**INSTRUCTIONS TO FOLLOW**
All of the records below are to be output exactly; no image belongs in the result.

**MATERIALS PROVIDED**

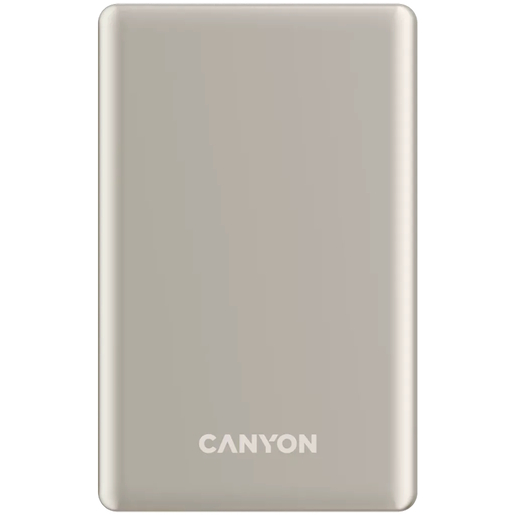 CANYON power bank OnPower 510, slim, Magsafe, 10000 mAh, bež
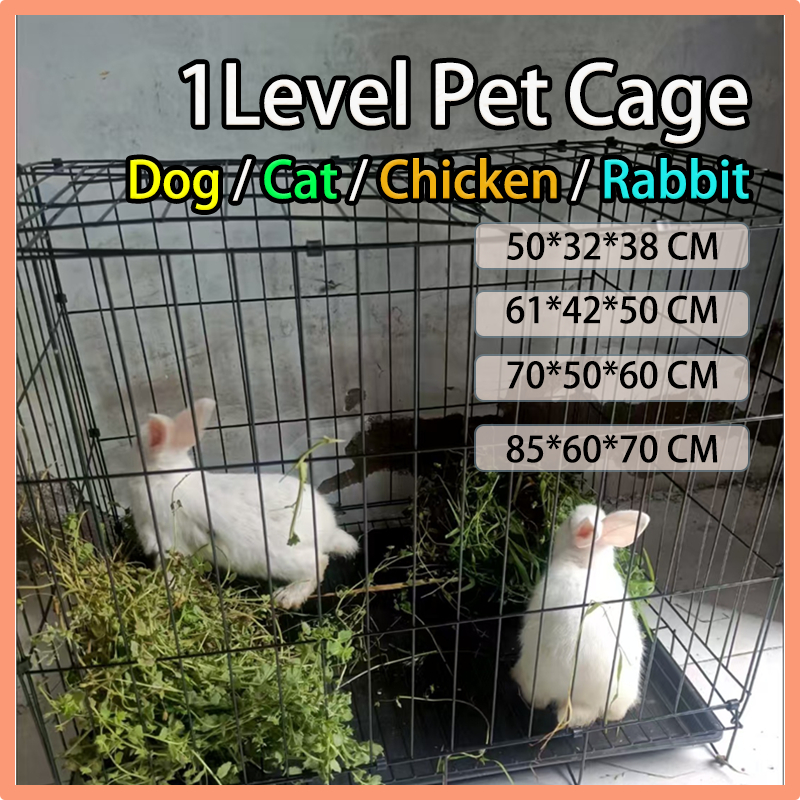 Dog / Cat / Chicken / Rabbit Pet Cage With Tray / 单层宠物笼猫笼狗笼鸡笼兔子笼带托盘 ...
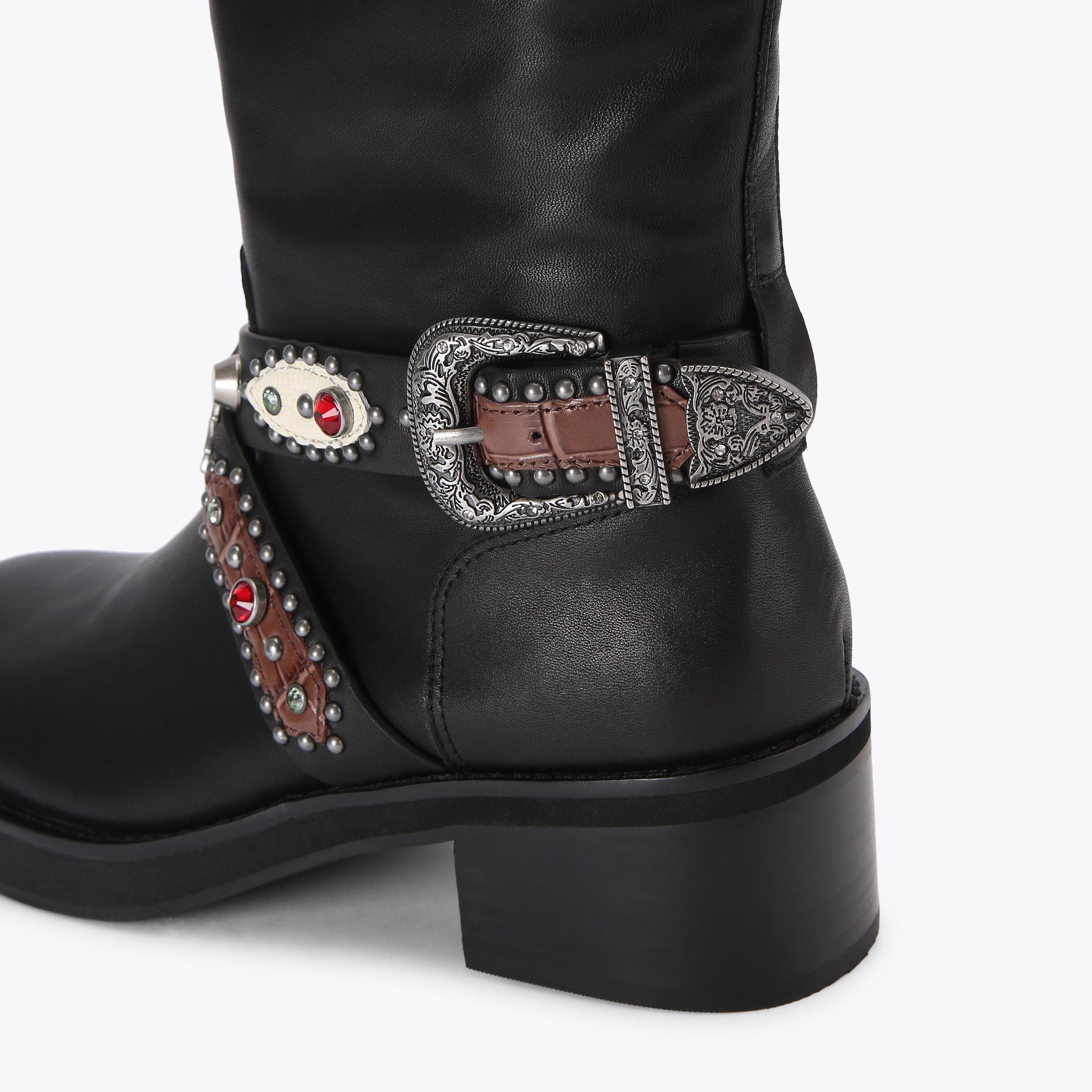 Kurt Geiger London Western Biker Boot - Black - view 5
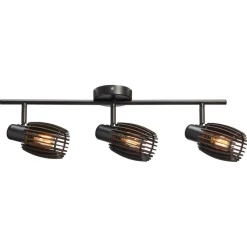 Spot Apulu Zwart 3-lichts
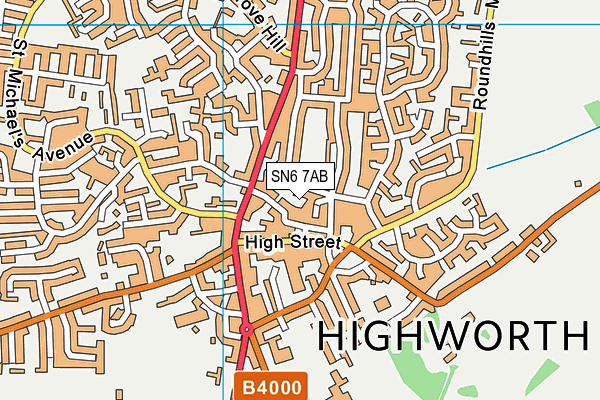 SN6 7AB map - OS VectorMap District (Ordnance Survey)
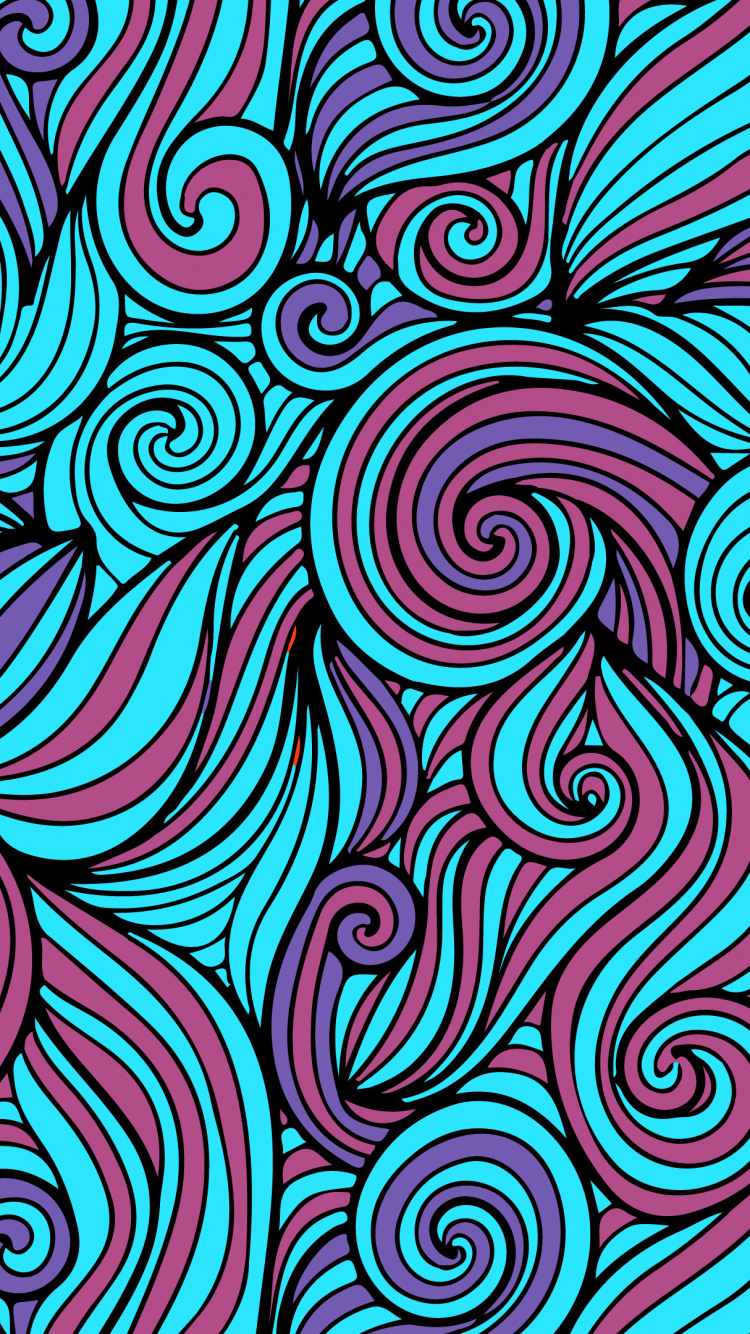 Pattern, Design, Blue, Azure, Green. Wallpaper in 750x1334 Resolution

**ANSWER SECTION**
 CANYON power bank OnPower 510, slim, Magsafe, 10000 mAh, bež
 Dog / Cat / Chicken / Rabbit Pet Cage With Tray / 单层宠物笼猫笼狗笼鸡笼兔子笼带托盘 ...
 Kurt Geiger London Western Biker Boot - Black - view 5
 Spot Apulu Zwart 3-lichts
 SN6 7AB map - OS VectorMap District (Ordnance Survey)
 Pattern, Design, Blue, Azure, Green. Wallpaper in 750x1334 Resolution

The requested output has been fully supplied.